Consider, then, setting a standard HCI task. For instance, we might ask a user
to prepare a business letter on a word processor with some given text content.
However the layout chosen (and so the bulk of the features and commands used)
will probably depend on whether that user is a secretary or an undergraduate
hired for an experiment. Even if, instead of just saying "prepare a business
letter", we give them a printout of the target letter to be achieved, different
kinds of people will simply notice or not notice different aspects of the
layout. (We have experienced this as a real problem in conducting HCI
experiments.) For instance few will think that the exact size of the right
margin to the nearest millimetre actually matters, and many will just not see
it as any part of the task, any more than matching the watermark in the paper
used for printing would be. But this is not just about whether undergraduates
are representative of "real users". What aspects of layout a secretary cares
about will depend on the job: probably on the individual he or she is working
for, certainly on practices developed in a particular office and job. Thus
"preparing a business letter" as it affects the use of a word processor (and
therefore which commands are used and important) simply is not determined by a
fixed task domain which can be observed, recorded, and generalised about.

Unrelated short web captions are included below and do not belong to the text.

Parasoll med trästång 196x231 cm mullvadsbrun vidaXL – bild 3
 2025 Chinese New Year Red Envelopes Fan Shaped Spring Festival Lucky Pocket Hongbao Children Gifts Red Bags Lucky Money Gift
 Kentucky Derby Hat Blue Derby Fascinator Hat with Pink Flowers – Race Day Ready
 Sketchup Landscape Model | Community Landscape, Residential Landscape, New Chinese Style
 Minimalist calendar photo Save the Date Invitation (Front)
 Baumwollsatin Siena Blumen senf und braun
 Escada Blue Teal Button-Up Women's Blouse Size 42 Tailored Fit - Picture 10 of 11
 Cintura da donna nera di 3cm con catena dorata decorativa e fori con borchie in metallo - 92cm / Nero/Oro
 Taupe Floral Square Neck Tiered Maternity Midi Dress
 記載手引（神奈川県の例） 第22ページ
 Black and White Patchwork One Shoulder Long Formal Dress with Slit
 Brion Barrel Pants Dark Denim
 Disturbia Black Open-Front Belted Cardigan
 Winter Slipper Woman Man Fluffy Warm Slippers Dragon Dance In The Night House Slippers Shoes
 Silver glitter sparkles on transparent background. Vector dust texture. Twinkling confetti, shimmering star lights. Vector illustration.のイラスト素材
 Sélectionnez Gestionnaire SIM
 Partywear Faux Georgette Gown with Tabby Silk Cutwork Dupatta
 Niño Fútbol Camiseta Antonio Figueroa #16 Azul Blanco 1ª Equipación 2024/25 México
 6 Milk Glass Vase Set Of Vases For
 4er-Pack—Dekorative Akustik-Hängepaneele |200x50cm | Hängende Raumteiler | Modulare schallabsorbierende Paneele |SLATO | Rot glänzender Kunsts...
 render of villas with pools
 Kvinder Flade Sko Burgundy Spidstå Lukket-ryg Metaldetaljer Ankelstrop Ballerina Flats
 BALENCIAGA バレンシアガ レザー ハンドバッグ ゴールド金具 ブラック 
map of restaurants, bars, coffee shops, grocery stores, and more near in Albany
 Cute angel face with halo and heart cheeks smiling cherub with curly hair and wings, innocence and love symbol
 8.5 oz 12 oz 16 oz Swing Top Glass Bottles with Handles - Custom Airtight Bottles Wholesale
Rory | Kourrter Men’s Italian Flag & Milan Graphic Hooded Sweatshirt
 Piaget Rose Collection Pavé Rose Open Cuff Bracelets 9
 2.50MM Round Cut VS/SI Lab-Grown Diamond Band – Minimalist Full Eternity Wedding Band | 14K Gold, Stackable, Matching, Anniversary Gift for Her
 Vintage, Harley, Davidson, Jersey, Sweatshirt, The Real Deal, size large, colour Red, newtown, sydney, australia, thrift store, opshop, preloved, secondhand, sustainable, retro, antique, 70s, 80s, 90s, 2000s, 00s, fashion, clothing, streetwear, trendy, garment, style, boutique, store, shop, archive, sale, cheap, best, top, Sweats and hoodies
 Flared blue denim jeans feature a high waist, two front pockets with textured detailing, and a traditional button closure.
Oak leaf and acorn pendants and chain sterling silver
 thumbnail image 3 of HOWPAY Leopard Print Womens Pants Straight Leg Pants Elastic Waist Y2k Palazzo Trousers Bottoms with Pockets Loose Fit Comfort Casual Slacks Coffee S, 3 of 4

If the notion of task is so unstable and indeterminate in small scale word
processing — surely the simplest and most overstudied case in HCI — then what
hope is there of using it as a theoretical concept, as a component of standards
definitions, or as the basis of design methods using "task analysis"? If we
consider asking someone to prepare a diagram to illustrate a paper, then we can
be sure that no two people will produce the same graphic, even if they have
similar backgrounds and are made to use the same computer package. Moving
upwards to larger scale work domains, the influence of communities of practice
is likely to be even more important. For instance, consider indentation and
commenting practices among programmers
On the other hand, commonsense and experience tell us that a notion of task is
of constant practical help in HCI design. Everyone needs to save their files
to disk or to delete a word, and you can look at the problems some designs
observably cause users, and how changing the design removes or changes the
problems. These simple considerations suggest that perhaps "task" is a simple
concept at the level of a command, and problems occur mainly at higher levels.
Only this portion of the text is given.